Our presentation is different than many other textbooks which start with z and y, only later including x.

So then the question arises: Why is it such a good idea to include x? Why is the pre-treatment predictor (or predictors) so important, both in practice and for our understanding of causal inference.

Here are five reasons for including pre-treatment predictors:

1. Adjust for bias in non-randomized design
2. Adjust for random imbalances in randomized design (and for nonrandom imbalances because of imperfect randomization, dropout, etc.)
3. Reduce the standard error of the estimated effect
4. Check for imbalance and lack of overlap between treatment and control groups
5. Generalizing to population with a different distribution of x.

We explain further in chapters 19 and 20 of Regression and Other Stories, but I’m not claiming any originality here. This is all common knowledge among statisticians who work on these sorts of problems. But sometimes people hear about randomization or some other identification strategy, and they don’t realize that:
– Even if you have identification, adjusting for pre-treatment variables can give you statistical efficiency (item 3 above) and generalization (item 5);
– If your identification is imperfect, adjusting for pre-treatment variables can let you check that (item 4) and adjust for problems (item 2);
– In real life usually your identification isn’t everything you think it is, so it’s important to adjust anyway (item 1).

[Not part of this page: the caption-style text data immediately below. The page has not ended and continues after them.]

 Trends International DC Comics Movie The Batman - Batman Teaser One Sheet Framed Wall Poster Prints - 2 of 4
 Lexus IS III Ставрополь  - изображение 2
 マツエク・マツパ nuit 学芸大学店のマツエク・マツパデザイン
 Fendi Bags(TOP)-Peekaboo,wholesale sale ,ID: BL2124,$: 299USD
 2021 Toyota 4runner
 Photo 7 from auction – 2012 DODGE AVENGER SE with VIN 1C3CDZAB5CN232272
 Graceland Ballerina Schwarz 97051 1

There are lots of ways to do this adjustment: linear regression, logistic regression, nonparametric models, etc. In her classic 2011 paper, Jennifer uses a nonparametric model to simultaneously adjust for differences between treatment and control group and to generalize to the population, and in recent years much more has been done in this area, for example this 2018 paper by Athey and Wager. Again, though, in many settings you can get pretty far from simple linear and logistic regression, as we did in 1990 when estimating incumbency advantage (although we did later return to the problem and do better using a probabilistic selection model).

Similarly, if you have an identification method such as regression discontinuity that already includes one pre-treatment predictor, you should include others. For regression discontinuity in particular, the variable that drives the discontinuity is not always a good predictor of the outcome, and you can do better by also including pre-test scores or whatever.

Again, the general theme is x, z, y. The treatment z affects the outcome y, and you want to model this behavior conditional on pre-treatment characteristics x.

Every once in awhile we come across a study in which there are no pre-treatment variables. Typically this reflects a failure of data collection, where the researchers were overconfident from the purported causal identification in their design. That’s one reason why it’s important to think about x in the design stage, before collecting and analyzing the data.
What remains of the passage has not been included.